ABOUT THIS EXERCISE: Search the records for lines with the word "Cotton" and copy each match.

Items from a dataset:
***
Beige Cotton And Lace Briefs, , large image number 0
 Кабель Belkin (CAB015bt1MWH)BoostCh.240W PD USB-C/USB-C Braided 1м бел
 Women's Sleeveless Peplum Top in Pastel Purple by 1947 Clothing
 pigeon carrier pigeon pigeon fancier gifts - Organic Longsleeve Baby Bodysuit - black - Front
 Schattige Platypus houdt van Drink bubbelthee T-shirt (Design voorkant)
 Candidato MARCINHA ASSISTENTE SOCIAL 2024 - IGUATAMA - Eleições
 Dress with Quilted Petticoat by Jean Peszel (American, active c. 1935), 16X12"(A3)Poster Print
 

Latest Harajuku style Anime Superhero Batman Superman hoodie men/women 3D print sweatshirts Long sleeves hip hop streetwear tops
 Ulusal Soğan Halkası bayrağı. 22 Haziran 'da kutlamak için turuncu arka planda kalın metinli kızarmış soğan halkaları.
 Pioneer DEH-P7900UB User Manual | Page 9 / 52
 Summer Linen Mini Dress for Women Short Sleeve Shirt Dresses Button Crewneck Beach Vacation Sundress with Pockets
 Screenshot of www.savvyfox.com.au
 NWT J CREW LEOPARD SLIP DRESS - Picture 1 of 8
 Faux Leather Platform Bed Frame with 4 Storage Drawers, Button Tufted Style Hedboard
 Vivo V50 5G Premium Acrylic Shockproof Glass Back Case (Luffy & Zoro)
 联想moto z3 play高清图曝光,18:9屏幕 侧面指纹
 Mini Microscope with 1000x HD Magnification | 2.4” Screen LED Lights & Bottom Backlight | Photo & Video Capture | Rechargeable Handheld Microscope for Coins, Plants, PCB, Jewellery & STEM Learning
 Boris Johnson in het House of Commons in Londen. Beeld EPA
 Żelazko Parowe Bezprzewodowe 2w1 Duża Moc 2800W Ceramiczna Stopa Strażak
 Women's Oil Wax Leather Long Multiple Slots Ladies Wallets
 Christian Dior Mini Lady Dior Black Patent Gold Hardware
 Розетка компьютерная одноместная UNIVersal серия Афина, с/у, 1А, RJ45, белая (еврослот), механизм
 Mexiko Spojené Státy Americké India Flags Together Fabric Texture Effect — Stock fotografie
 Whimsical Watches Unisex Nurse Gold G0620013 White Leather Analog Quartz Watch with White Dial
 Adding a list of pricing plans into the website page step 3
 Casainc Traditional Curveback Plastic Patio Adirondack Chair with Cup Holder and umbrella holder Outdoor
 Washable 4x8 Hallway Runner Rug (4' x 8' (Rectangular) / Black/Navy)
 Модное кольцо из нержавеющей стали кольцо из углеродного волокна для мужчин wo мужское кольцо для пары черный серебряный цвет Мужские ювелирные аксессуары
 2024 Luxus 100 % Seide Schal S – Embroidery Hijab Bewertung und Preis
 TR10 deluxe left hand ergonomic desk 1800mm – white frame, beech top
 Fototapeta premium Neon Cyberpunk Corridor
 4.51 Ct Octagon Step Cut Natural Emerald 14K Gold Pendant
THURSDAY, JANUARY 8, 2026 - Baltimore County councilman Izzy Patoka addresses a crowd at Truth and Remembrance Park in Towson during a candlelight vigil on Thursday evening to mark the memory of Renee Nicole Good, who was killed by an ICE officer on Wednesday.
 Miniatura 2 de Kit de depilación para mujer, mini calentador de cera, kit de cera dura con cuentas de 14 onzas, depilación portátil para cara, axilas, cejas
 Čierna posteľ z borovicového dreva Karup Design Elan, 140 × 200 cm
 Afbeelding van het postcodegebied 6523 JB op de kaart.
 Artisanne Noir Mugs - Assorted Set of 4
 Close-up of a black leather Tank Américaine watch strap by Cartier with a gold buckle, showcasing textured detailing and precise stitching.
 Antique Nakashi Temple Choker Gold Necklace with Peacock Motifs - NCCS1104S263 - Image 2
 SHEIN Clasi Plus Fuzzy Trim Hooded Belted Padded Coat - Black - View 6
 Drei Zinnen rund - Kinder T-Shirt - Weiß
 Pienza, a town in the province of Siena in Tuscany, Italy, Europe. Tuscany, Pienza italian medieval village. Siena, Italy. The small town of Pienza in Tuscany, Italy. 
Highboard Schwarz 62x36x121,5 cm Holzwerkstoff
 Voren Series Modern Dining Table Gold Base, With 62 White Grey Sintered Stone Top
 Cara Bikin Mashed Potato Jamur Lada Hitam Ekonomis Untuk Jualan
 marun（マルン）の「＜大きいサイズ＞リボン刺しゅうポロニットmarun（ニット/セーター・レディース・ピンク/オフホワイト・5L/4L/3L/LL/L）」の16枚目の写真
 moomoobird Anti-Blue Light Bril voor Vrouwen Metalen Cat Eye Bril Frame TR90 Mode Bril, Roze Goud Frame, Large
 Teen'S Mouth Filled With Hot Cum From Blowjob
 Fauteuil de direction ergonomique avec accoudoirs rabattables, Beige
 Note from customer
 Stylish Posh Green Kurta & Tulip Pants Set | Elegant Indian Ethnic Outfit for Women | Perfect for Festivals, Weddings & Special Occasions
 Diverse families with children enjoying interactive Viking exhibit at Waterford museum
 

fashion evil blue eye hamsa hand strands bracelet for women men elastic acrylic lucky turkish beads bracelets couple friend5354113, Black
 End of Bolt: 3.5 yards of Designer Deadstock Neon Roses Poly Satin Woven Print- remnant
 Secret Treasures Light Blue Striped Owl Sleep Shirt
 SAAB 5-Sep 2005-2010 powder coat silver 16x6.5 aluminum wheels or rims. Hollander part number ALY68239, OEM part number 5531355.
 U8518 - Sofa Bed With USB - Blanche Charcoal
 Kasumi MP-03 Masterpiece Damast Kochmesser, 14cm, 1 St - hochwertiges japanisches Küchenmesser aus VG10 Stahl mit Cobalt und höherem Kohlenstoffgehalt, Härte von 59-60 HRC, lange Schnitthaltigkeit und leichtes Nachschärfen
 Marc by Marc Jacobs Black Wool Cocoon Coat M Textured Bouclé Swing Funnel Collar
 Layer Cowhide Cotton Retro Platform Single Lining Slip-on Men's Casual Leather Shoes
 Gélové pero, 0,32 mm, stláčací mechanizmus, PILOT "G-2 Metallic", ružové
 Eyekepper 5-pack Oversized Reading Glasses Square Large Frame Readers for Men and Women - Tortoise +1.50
***
OUTPUT OF THE EXERCISE:
Beige Cotton And Lace Briefs, , large image number 0
 Layer Cowhide Cotton Retro Platform Single Lining Slip-on Men's Casual Leather Shoes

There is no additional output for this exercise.